06-04-2013 05:13 AM
I'm an admin with SAS 9.3 installed on 64 bit Windows 2008 R2 VMs with 24-48 GB ram and 4-8 cpus. I've been tweaking settings for memsize and sortsize and added the cpucount, threads and alignsasiofiles options to sasv9.cfg, and I see improvements on test jobs, but I'm not a sas programmer and the user who wrote the test jobs is not available for consultation. I'm not sure what else to set in the cfg file since some things will depend on the job the user submits.
Is there a sort of quick start document available that I can point my users to with a few highlights for checking their code before running it, especially for large jobs? I imagine something that would prioritize a few things, like:
- convert datasets to 9.3
- calculate dataset size
- use statements like sasfile, keep, drop, etc
I've seen this guide on optimizing systems performance, but some of it looks like it's directed at admins.
I don't expect our users to squeeze every last drop out of a resource, but they can probably benefit quite a bit if they can hit some highlights. Thanks.
06-04-2013 06:08 AM
My 5 cents:
A lot of SAS users are not your typical IT developers but specialised business users. In my experience you won't succeed asking these guys to pre-calculate dataset size and thing like that. They will develop their code more in a "try and error" manner.
There is no SAS9.3 dataset format. The format is unchanged since SAS version 7. There is though 32bit vs. 64bit in case they are moving the stuff from an older environment (Proc Migrate will support you in converting the data sets).
I believe the general recommendations you can make are:
- Reduce volumes as soon as possible (less rows, less columns).
- Reduce passes through data (so better do stuff in 3 data steps than in 10).
I wouldn't recommend "sasfile" as this loads a whole dataset into memory. If too many users are doing this then you might end up with memory problems especially as the datasets stay in memory for the whole session if users don't specifically unload them.
Are your users complaining about performance issues right now? Most of the time it's I/O. I would define "compress=yes" as default. You also might want SAS work and utilloc on separate and fast disks. And the general data storage area for permanent datasets should have a "reasonable" throughput to the SAS Workspace Server.

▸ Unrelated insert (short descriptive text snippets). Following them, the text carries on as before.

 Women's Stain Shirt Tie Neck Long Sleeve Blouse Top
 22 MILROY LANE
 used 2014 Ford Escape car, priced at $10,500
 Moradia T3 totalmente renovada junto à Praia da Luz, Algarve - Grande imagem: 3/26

Else: Monitor your server but may be don't ask/expect too much from your users. It's eventually much cheaper to increase compute power if necessary than to ask highly paid business specialists to invest more time in performance tweaking their code. This doesn't mean that trying to implement some "good practices" isn't worth it.
If there is also SAS/Access involved: Check the settings on metadata libnames for insertbuff, readbuff and dbcommit. The defaults are normally way too low.
06-04-2013 06:51 AM
Once you've got answers please also mark the most helpful ones as "helpful" and the one which was most usefull for you as "correct" because this way "we" see that the question is answered and don't look into it anymore.

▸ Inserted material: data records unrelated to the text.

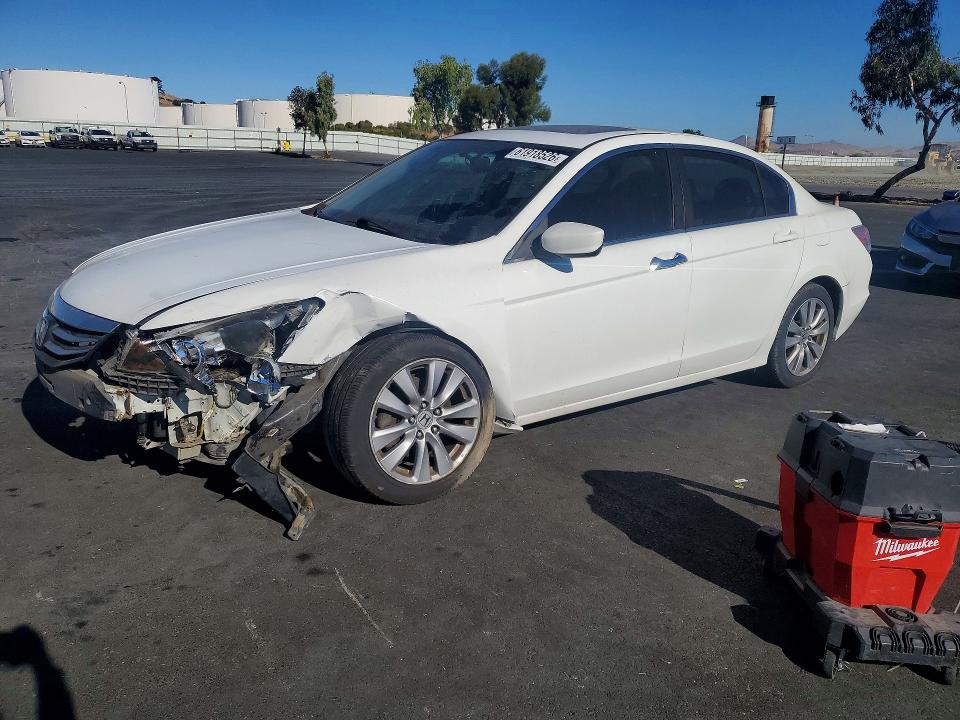 2012 Honda Accord მანქანა იყიდება აუქციონზე, vin: 1HGCP2F84CA215866, აუქციონის ნომერი: 61918526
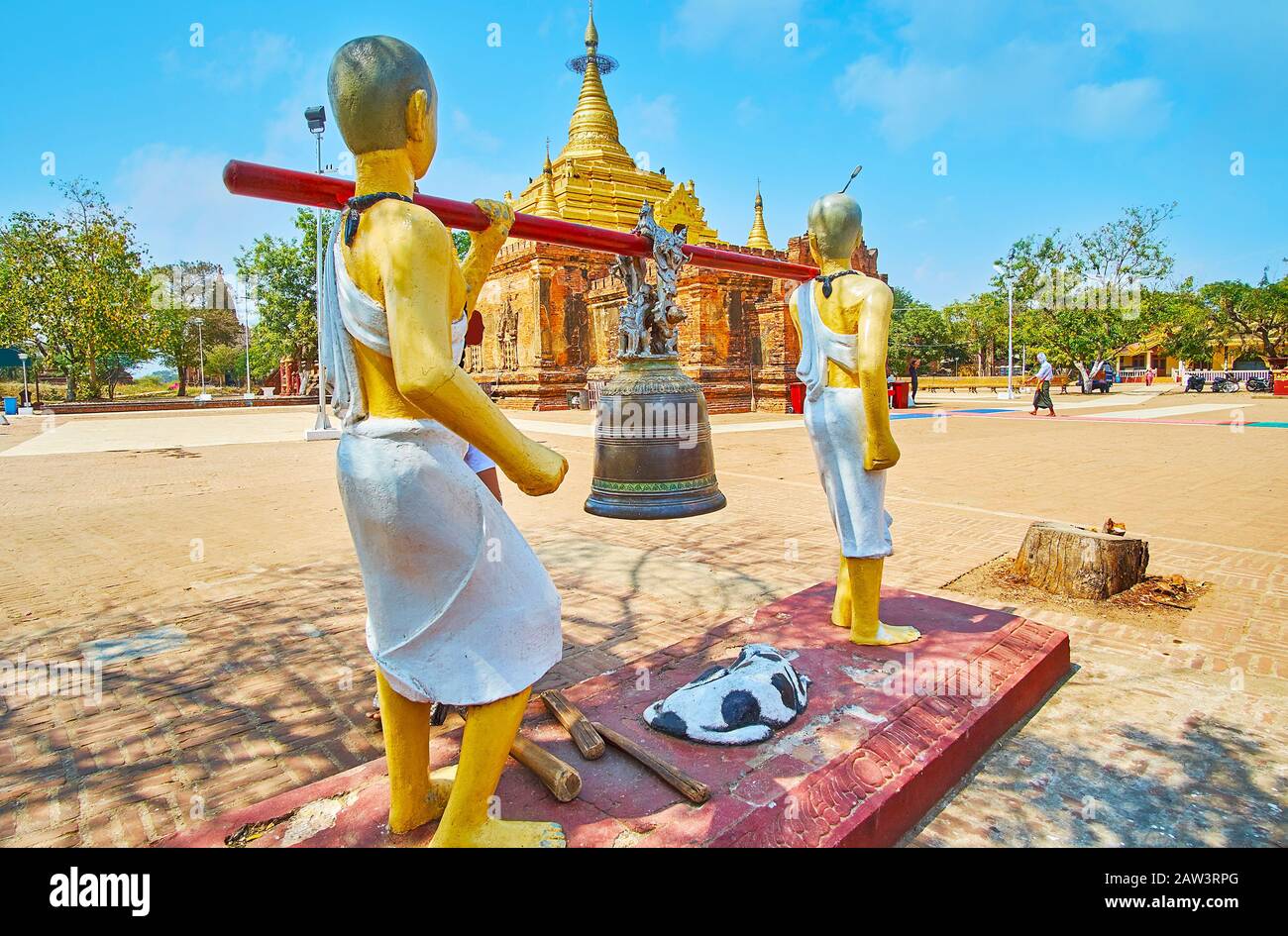 Die buddhistische Ritualglocke mit Skulpturen, die sie in der alo-daw Pyi Pagode, Bagan, Myanmar, hält Stockfoto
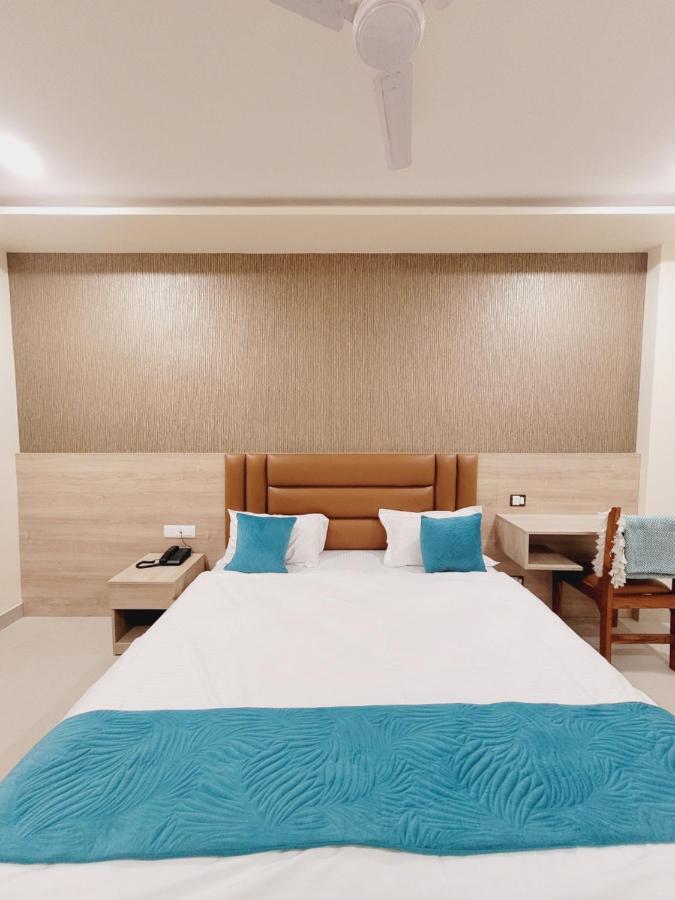 Hotel Ananda Kashi Varanasi Dış mekan fotoğraf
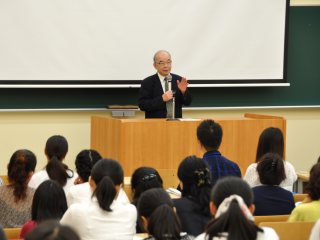 写真：塩田学長の挨拶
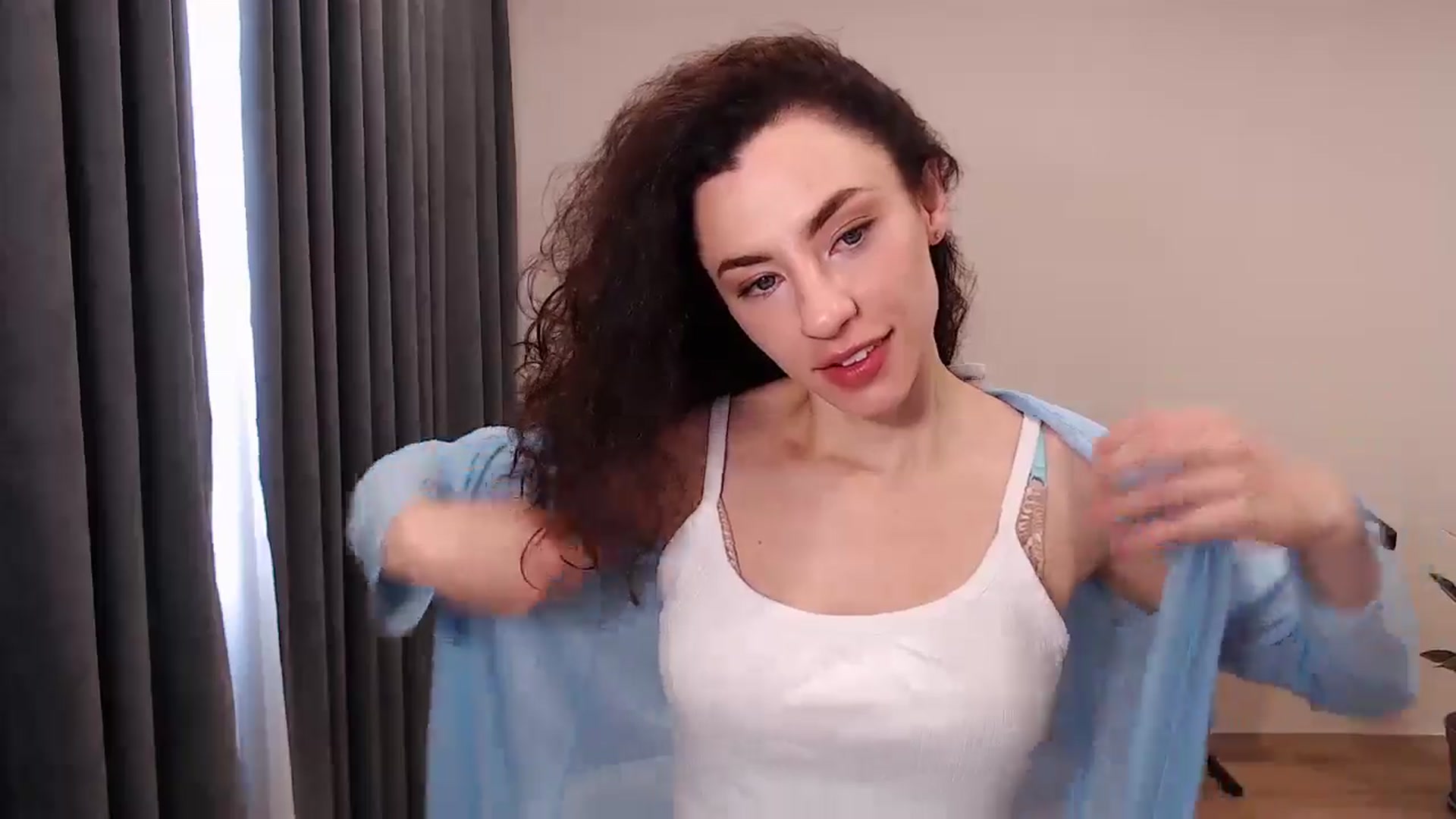 Gallery image thumbnail from Millla_Mi's myfreecams stream on, 05/21/2024, 05:02 image 2 of 20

It's also always nice if you don't just ask a question but also give some sort of feedback to the ones spending their time answering your question.
06-04-2013 08:26 AM
Thanks, Patrick. We're a campus research center, so a lot of the users are students who are not very familiar with sas when they start. I definitely can't ask too much of them, but they are trainable. We have some tutorials, but they were developed a while ago so they probably don't include some features in the newer versions.
I have the vmware/windows environment set up with an iscsi san that is operating pretty efficiently and users are generally happy with the performance, but most jobs are not very big. I have the option of setting up users on their own server vm temporarily for large, complex jobs, so that's what I'm trying to plan for. If I can get them to easily do the size calculation, it may be possible to put the whole file in memory.
I'll check out the compress and sas/access options.
06-04-2013 10:50 AM
There is a whole lot more to writing efficient programs. Setting a few options is just a tiny piece of the task. Here's a good place to start:
06-04-2013 11:30 AM
Yes, all the concepts still apply. Sometimes the percentage savings vary from one release to the next, such as the savings from applying a format. But the concepts are all still applicable.